The sounds of the sea
For the second year in a row, my daughter and I headed to the Shaw Festival to see a play that the critics had lambasted. Last year it was The Philanderer; this year You Never Can Tell. The latter was scorned as “over-the-top antics” by The Globe and Mail; The Star knocked it down for having an “overenthusiastic design team.” Both years the critics were wrong. The plays were a great success.
George Bernard Shaw still succeeds at what he set out to do more than a century ago. And that is shock the audience with non-conventional thinking and presentation. Director Jim Mezon ably captures both of those elements in this production.

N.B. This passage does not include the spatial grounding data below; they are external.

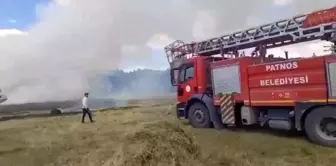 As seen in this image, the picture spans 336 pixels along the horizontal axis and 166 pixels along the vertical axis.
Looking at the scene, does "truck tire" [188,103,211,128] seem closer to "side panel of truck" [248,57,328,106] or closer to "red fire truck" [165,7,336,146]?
"red fire truck" [165,7,336,146]

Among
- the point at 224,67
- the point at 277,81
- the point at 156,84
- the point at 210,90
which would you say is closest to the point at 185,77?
the point at 210,90

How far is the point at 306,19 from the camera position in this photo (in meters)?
13.2

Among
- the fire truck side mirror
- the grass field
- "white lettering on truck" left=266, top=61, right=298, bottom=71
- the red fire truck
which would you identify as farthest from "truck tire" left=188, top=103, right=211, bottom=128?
"white lettering on truck" left=266, top=61, right=298, bottom=71

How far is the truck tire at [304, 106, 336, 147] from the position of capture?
952cm

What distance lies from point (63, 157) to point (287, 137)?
A: 6688 millimetres

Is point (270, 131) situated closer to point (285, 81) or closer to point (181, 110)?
point (285, 81)

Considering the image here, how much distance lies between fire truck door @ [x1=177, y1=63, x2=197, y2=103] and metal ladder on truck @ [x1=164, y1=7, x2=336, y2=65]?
1.13 m

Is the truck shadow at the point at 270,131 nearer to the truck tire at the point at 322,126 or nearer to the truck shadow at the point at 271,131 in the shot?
the truck shadow at the point at 271,131

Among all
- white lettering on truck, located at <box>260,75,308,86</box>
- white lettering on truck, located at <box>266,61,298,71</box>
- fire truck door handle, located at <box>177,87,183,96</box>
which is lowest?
fire truck door handle, located at <box>177,87,183,96</box>

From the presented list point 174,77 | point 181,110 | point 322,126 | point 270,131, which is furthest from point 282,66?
point 181,110

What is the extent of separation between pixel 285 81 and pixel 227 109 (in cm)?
269

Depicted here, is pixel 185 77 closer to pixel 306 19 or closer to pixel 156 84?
pixel 306 19

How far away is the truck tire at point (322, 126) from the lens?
9516 mm

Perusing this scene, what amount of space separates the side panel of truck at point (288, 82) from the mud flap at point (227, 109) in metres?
0.95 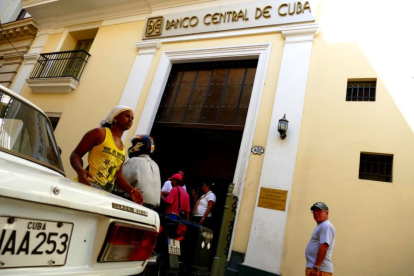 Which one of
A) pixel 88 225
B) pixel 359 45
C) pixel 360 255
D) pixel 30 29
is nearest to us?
pixel 88 225

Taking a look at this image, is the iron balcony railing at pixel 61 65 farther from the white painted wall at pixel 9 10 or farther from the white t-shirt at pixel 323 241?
the white t-shirt at pixel 323 241

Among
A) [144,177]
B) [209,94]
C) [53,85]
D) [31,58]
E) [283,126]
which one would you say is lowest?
[144,177]

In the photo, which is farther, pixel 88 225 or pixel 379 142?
pixel 379 142

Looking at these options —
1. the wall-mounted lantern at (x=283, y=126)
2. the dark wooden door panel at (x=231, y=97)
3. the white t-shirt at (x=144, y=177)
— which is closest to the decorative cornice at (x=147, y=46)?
the dark wooden door panel at (x=231, y=97)

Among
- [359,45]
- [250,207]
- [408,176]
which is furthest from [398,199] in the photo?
[359,45]

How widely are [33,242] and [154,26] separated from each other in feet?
24.6

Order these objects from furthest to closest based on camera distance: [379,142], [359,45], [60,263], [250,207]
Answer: [359,45] → [250,207] → [379,142] → [60,263]

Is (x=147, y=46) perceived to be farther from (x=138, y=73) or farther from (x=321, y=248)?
(x=321, y=248)

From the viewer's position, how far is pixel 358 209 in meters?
4.20

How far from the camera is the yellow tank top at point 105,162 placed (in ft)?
7.74

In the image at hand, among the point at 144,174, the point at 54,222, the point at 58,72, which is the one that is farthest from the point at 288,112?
the point at 58,72

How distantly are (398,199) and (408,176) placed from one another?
39 cm

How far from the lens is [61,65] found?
8805mm

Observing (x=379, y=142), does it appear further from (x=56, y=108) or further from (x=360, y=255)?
(x=56, y=108) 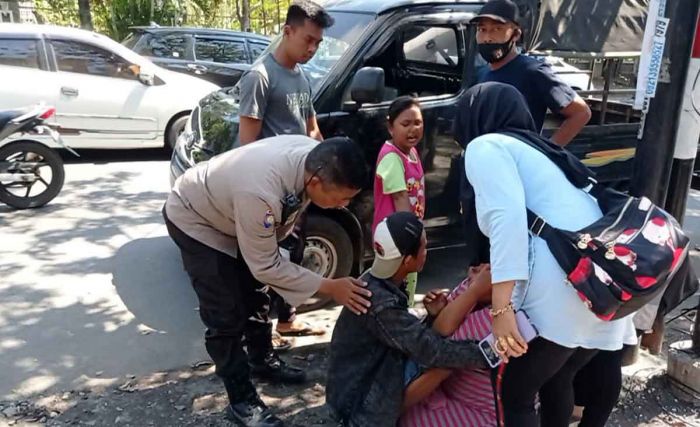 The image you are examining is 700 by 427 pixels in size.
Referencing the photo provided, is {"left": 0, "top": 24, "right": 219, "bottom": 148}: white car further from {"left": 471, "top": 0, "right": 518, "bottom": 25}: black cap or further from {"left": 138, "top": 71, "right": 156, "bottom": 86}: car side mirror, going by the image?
{"left": 471, "top": 0, "right": 518, "bottom": 25}: black cap

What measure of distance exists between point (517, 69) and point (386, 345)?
1.65 m

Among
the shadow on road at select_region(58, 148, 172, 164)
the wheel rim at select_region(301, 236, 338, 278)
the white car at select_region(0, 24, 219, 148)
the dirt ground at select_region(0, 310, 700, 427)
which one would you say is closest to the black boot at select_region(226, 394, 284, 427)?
the dirt ground at select_region(0, 310, 700, 427)

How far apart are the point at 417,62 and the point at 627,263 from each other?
3.17 meters

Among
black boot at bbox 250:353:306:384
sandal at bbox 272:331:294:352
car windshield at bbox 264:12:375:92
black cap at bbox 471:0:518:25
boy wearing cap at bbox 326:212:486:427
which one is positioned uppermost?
black cap at bbox 471:0:518:25

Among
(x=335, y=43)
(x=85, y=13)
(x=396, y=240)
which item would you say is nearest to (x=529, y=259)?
(x=396, y=240)

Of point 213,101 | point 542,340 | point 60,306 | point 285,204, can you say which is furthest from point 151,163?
point 542,340

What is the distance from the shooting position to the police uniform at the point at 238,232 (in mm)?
2340

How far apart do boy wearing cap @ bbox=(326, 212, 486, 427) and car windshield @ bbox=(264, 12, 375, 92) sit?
199 cm

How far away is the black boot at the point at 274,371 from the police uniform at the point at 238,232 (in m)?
0.38

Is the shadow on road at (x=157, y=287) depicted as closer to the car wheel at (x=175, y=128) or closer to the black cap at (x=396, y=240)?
the black cap at (x=396, y=240)

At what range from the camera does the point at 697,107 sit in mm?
3025

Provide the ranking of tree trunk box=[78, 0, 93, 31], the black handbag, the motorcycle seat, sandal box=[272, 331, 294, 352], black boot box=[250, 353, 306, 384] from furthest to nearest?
tree trunk box=[78, 0, 93, 31], the motorcycle seat, sandal box=[272, 331, 294, 352], black boot box=[250, 353, 306, 384], the black handbag

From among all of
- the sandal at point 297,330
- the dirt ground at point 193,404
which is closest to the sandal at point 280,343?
the sandal at point 297,330

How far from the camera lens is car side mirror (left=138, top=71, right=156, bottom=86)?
24.9 ft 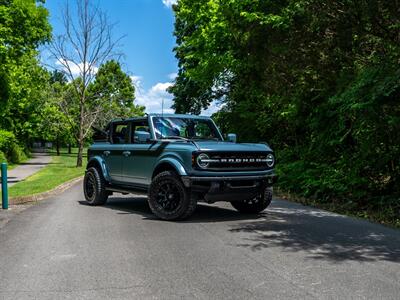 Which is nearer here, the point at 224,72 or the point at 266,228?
the point at 266,228

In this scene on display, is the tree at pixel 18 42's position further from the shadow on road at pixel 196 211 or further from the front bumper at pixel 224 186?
the front bumper at pixel 224 186

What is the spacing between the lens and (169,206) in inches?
368

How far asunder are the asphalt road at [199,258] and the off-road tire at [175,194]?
0.23 metres

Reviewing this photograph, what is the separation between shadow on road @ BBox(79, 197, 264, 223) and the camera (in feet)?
31.7

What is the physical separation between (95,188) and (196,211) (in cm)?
260

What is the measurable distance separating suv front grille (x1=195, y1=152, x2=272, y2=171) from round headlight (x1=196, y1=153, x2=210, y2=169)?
0.06 meters

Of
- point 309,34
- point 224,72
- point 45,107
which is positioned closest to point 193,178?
point 309,34

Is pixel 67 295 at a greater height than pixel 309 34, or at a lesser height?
lesser

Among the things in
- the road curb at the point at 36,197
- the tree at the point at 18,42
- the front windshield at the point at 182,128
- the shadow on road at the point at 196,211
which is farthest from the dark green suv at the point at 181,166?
the tree at the point at 18,42

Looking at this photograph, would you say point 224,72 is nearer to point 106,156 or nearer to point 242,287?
point 106,156

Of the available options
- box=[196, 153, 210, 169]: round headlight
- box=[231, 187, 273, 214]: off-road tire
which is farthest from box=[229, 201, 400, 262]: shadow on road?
box=[196, 153, 210, 169]: round headlight

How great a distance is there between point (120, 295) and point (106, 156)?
7078 mm

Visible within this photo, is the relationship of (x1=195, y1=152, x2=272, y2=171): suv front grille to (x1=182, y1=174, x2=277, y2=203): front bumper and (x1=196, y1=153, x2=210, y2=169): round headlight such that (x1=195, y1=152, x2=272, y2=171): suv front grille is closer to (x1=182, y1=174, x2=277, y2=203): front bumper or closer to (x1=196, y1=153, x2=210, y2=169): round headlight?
(x1=196, y1=153, x2=210, y2=169): round headlight

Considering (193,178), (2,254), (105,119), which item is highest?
(105,119)
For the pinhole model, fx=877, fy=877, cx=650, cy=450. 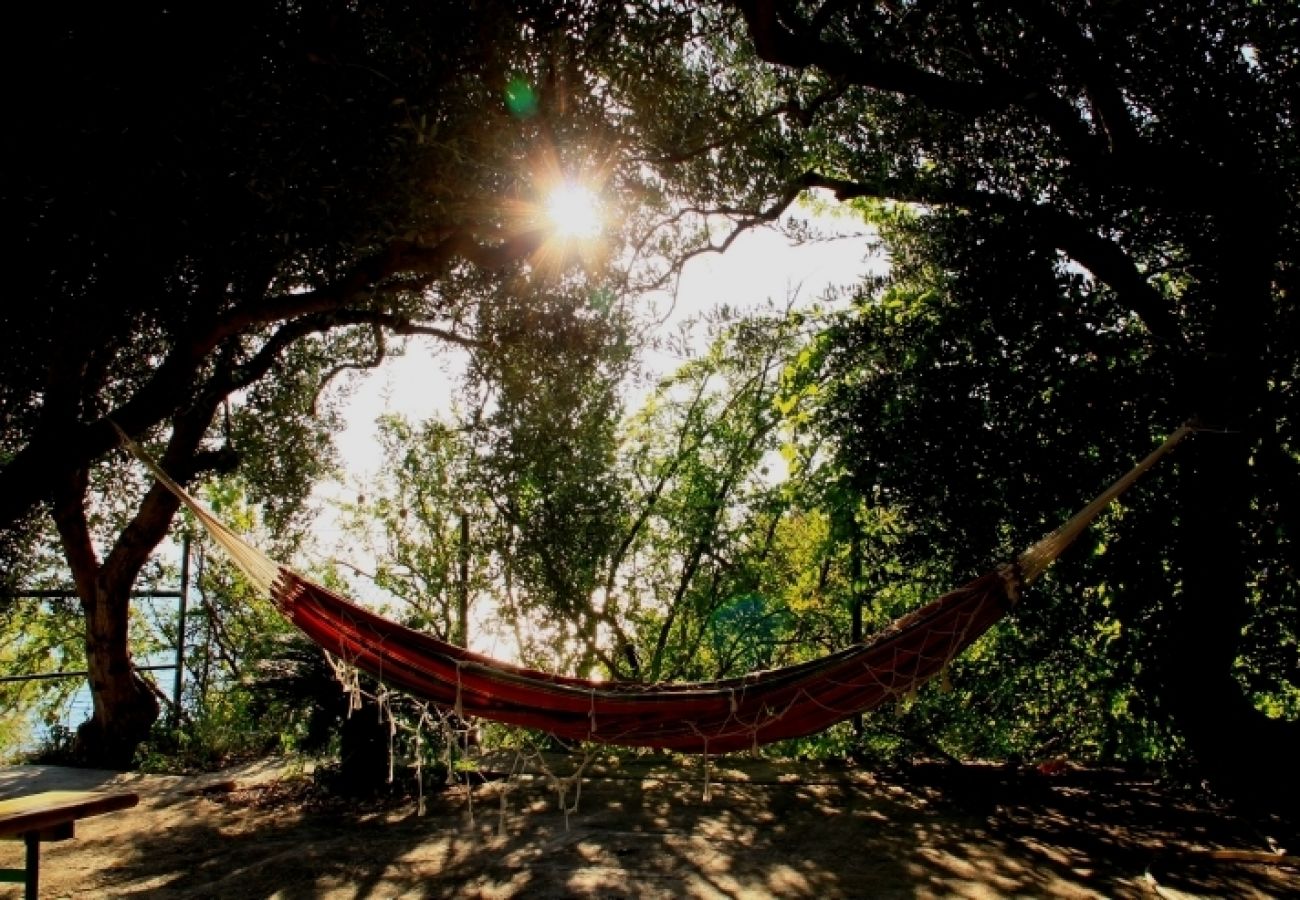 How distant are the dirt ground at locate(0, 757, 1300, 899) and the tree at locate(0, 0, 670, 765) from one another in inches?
59.1

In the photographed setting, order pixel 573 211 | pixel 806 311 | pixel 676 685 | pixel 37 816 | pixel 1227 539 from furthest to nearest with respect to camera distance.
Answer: pixel 806 311 < pixel 573 211 < pixel 1227 539 < pixel 676 685 < pixel 37 816

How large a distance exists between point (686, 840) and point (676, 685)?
0.88m

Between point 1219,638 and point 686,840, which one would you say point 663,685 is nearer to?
point 686,840

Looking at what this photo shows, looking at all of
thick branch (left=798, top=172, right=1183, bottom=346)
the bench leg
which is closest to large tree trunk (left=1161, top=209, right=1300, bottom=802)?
thick branch (left=798, top=172, right=1183, bottom=346)

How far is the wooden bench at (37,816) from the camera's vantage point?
7.36 feet

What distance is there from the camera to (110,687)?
527 centimetres

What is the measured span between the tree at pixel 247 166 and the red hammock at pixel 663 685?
1.18m

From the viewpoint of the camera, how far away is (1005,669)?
4660mm

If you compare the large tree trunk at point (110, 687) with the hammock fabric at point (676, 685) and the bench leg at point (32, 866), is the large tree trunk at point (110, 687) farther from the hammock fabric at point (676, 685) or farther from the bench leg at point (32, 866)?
the bench leg at point (32, 866)

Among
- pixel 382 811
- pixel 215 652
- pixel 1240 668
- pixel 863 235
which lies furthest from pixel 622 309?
pixel 215 652

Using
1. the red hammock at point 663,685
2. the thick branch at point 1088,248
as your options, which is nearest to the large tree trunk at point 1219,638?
the thick branch at point 1088,248

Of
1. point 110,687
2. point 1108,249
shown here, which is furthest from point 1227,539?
point 110,687

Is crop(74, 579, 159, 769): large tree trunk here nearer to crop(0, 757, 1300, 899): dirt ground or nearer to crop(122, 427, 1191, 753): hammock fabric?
crop(0, 757, 1300, 899): dirt ground

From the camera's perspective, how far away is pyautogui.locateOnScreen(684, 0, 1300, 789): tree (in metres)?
3.29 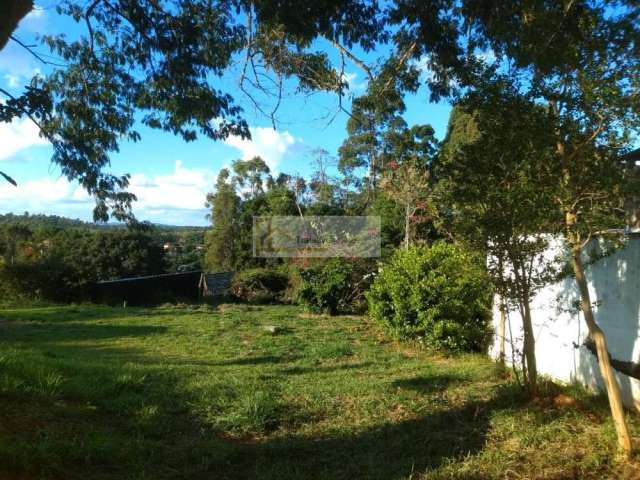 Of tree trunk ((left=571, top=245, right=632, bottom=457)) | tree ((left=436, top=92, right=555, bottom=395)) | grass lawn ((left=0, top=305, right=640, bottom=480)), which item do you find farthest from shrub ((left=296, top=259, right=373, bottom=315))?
tree trunk ((left=571, top=245, right=632, bottom=457))

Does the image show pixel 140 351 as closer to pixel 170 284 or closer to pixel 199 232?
pixel 170 284

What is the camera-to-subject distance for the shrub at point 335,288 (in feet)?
46.0

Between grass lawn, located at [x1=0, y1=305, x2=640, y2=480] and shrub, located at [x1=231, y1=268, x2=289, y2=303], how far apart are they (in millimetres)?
11794

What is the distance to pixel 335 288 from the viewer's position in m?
14.0

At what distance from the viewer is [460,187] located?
434cm

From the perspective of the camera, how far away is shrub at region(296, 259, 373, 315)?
46.0 ft

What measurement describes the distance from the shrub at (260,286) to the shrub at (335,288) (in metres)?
5.04

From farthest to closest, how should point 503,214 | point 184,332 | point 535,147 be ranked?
point 184,332, point 503,214, point 535,147

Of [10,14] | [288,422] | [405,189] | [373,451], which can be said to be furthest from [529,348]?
[405,189]

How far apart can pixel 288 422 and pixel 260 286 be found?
15250 mm

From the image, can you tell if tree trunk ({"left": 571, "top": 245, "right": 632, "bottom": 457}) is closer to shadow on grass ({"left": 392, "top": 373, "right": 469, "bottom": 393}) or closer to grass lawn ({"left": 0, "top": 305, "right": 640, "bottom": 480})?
grass lawn ({"left": 0, "top": 305, "right": 640, "bottom": 480})

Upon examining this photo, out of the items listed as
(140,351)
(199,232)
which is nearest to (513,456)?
(140,351)

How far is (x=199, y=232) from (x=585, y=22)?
30004mm

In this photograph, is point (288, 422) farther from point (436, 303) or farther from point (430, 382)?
point (436, 303)
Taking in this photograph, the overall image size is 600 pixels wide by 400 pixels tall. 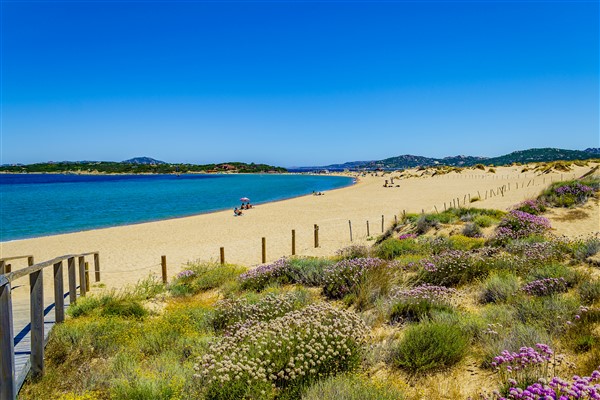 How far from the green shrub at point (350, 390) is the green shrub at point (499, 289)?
357 cm

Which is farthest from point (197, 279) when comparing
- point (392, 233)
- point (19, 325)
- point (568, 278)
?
point (392, 233)

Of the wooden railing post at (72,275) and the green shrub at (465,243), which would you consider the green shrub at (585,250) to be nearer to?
the green shrub at (465,243)

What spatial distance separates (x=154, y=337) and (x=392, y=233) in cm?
1403

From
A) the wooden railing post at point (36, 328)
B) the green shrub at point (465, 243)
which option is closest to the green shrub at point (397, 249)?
the green shrub at point (465, 243)

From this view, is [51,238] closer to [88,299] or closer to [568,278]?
[88,299]

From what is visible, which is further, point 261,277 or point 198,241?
point 198,241

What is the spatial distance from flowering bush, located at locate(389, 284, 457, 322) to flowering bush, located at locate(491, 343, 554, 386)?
6.72ft

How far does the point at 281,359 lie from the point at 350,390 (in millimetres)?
863

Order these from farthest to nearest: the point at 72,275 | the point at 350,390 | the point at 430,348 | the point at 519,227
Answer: the point at 519,227 < the point at 72,275 < the point at 430,348 < the point at 350,390

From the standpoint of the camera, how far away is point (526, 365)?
355cm

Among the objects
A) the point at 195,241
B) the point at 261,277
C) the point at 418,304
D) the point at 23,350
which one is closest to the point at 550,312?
the point at 418,304

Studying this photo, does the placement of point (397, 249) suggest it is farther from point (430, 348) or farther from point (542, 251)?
point (430, 348)

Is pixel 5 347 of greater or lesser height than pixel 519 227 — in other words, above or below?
above

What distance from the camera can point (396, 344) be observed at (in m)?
4.94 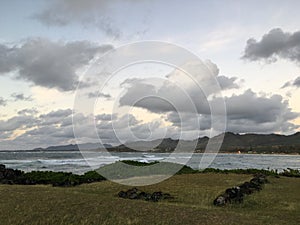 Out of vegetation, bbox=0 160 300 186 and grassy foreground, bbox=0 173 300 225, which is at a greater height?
vegetation, bbox=0 160 300 186

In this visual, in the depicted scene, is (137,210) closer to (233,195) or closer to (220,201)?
(220,201)

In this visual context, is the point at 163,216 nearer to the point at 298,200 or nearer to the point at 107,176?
the point at 298,200

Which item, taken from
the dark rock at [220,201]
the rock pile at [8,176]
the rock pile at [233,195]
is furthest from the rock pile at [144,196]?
the rock pile at [8,176]

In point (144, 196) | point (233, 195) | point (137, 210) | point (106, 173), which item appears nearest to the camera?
point (137, 210)

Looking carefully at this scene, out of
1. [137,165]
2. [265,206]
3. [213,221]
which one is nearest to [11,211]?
[213,221]

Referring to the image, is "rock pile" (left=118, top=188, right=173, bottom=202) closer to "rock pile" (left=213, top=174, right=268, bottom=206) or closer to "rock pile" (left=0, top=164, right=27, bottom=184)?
"rock pile" (left=213, top=174, right=268, bottom=206)

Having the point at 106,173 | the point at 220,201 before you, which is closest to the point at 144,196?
the point at 220,201

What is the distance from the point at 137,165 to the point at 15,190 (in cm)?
2629

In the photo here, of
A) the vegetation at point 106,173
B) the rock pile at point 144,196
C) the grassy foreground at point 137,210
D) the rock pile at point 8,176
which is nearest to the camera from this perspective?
A: the grassy foreground at point 137,210

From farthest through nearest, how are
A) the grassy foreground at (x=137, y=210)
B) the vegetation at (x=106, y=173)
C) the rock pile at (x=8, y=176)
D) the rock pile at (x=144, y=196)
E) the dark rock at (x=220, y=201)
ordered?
the vegetation at (x=106, y=173)
the rock pile at (x=8, y=176)
the rock pile at (x=144, y=196)
the dark rock at (x=220, y=201)
the grassy foreground at (x=137, y=210)

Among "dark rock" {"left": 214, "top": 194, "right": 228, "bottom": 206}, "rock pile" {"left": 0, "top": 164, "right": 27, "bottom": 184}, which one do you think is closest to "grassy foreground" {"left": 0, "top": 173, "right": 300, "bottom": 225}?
"dark rock" {"left": 214, "top": 194, "right": 228, "bottom": 206}

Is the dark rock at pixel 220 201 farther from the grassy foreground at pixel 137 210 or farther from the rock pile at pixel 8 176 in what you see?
the rock pile at pixel 8 176

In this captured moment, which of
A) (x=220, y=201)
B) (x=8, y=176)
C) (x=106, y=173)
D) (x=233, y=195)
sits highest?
(x=8, y=176)

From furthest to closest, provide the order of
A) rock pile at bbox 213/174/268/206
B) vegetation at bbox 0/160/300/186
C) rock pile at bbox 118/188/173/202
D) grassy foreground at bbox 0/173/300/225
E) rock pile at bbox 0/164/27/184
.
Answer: vegetation at bbox 0/160/300/186, rock pile at bbox 0/164/27/184, rock pile at bbox 118/188/173/202, rock pile at bbox 213/174/268/206, grassy foreground at bbox 0/173/300/225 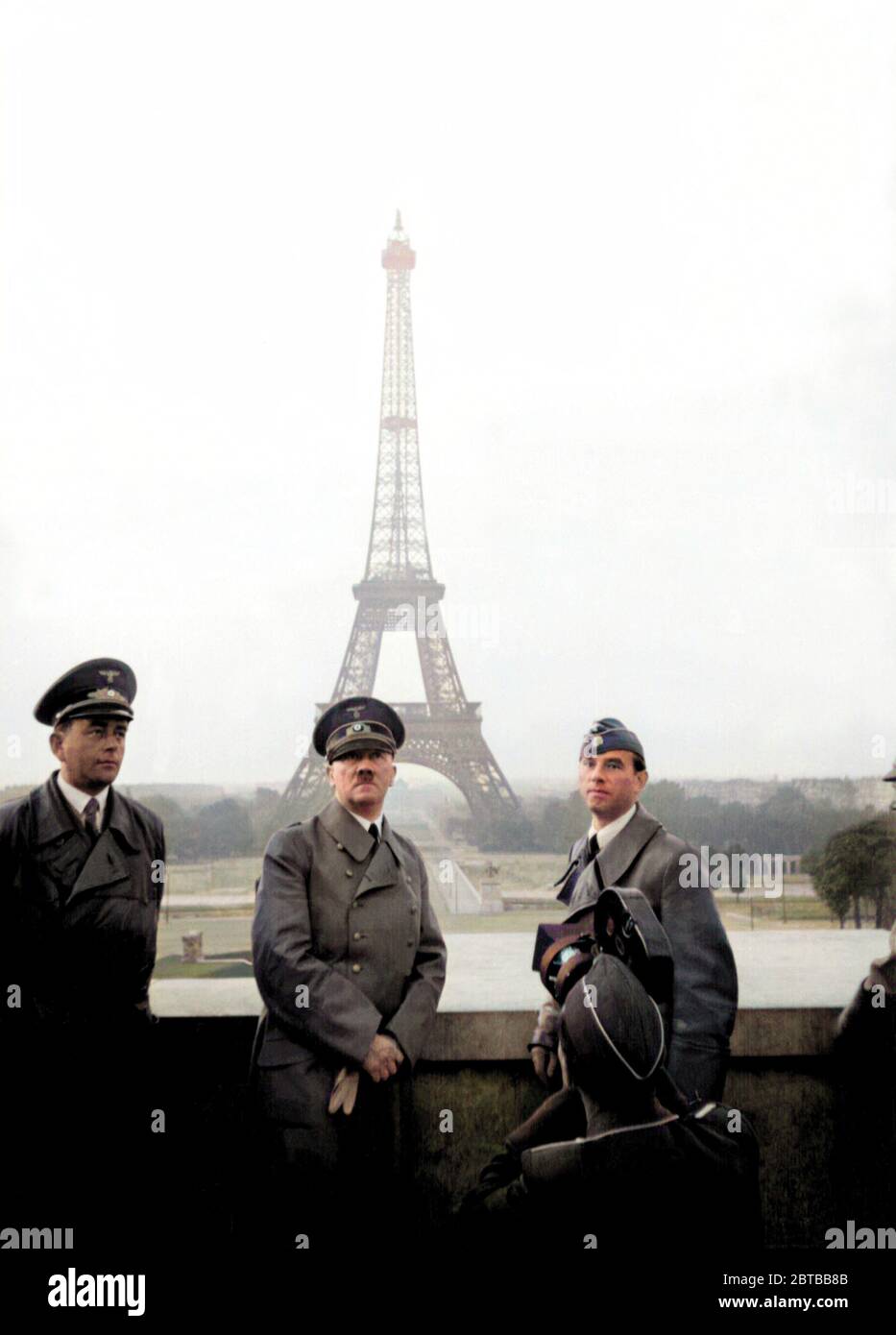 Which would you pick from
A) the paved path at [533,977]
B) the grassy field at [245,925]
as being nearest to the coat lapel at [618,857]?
the paved path at [533,977]

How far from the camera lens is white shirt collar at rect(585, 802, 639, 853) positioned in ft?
9.59

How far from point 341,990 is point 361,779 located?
49cm

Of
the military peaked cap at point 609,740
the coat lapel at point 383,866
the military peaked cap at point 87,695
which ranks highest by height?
the military peaked cap at point 87,695

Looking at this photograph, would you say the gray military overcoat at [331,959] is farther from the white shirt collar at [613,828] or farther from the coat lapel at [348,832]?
the white shirt collar at [613,828]

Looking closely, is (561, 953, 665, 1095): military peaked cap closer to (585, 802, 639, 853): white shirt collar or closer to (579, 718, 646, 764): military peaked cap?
(585, 802, 639, 853): white shirt collar

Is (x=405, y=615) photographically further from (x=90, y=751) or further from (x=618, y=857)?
(x=618, y=857)

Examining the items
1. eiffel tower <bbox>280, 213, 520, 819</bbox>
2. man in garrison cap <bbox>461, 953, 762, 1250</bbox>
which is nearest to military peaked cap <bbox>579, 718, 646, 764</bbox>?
man in garrison cap <bbox>461, 953, 762, 1250</bbox>

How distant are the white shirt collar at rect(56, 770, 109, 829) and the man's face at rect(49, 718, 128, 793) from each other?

After all, how many plays feature a dentist? Or a wise waiter? Or lines such as “The great advantage of a hotel is that it’s a refuge from home life.” Or shots such such as all marriages work well but only “from time to time”? Shaw is always at his best as a social commentator, particularly in his light-hearted works. In this case he touches on such eternal topics as feminism, marriage and the class structure in society, all of it under the umbrella of intellect versus emotion.
Most important of all are Shaw’s words. The play takes place at the seaside and his words come at you – phrases, sentences, entire paragraphs, lengthy monologues – like wave after wave crashing onto the beach. In a self-indulgent age when too many people publish their shallow banalities, Shaw offers magnificent rhythms and reassuring sounds that remind us that deeper thoughts and well-wrought words still matter.
As for what the critics say, Shaw would be unsurprised by their misreadings. After all, you never can tell.